Your answer must consist only of the lines from the start of the entries through the line that holds "Aldona – Elegancki", copied exactly, with no pictures.

···

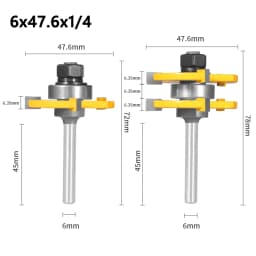 2Pcs 47mm Cove 1-7/8 T&G ASSEMBLY Cutter Router Bit Woodworking Milling Cutter For Wood Face Mill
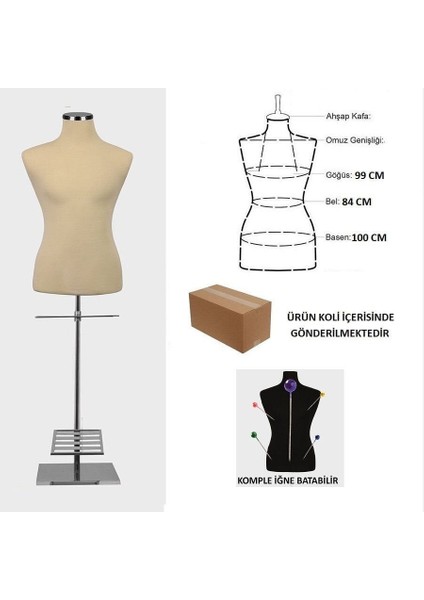 Iğne Batabilen Erkek Terzi Mankeni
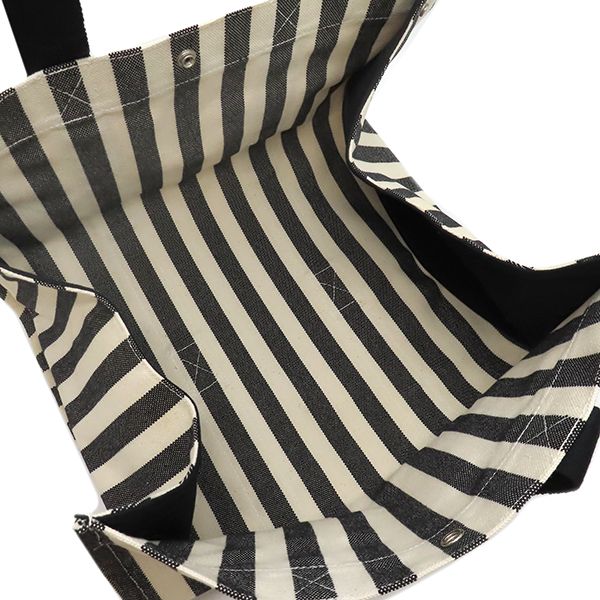 Hermes Tote Bag Cannes MM Canvas Ivory and Black Silver Hardware White Black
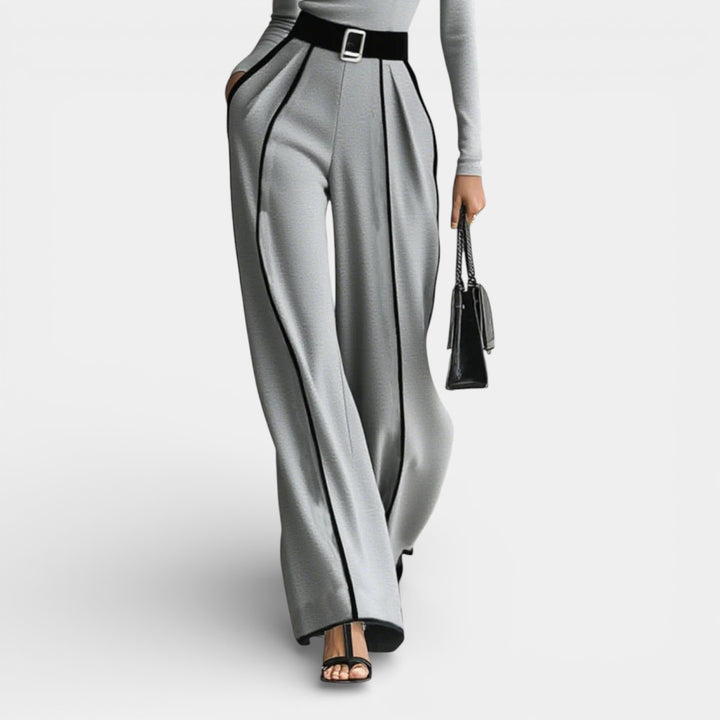 Aldona – Elegancki zestaw z golfem i szerokimi spodniami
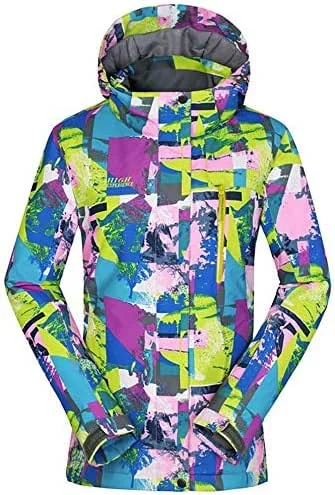 MU Veste de ski imperméable pour femme Veste de ski pour femme Imperméable Coupe-vent Snowboard Mountain Manteau de pluie Rose Vert Hiver, vert, Grand — Vetements ski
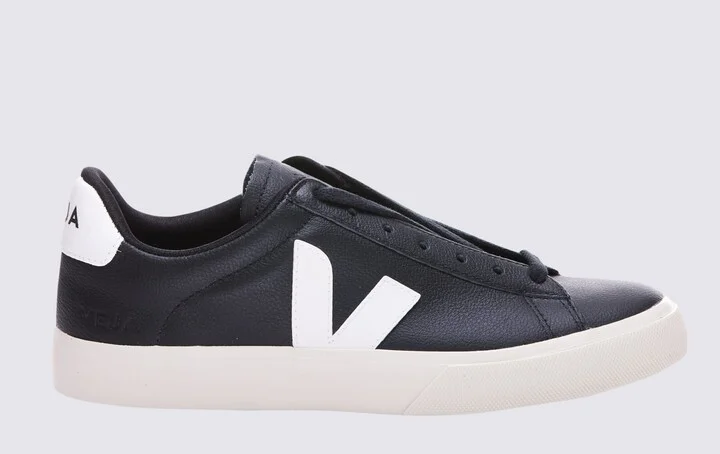 Black And White Faux Leather Campo Sneakers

···

_Finished task_
 2Pcs 47mm Cove 1-7/8 T&G ASSEMBLY Cutter Router Bit Woodworking Milling Cutter For Wood Face Mill
 Iğne Batabilen Erkek Terzi Mankeni
 Hermes Tote Bag Cannes MM Canvas Ivory and Black Silver Hardware White Black
 Aldona – Elegancki zestaw z golfem i szerokimi spodniami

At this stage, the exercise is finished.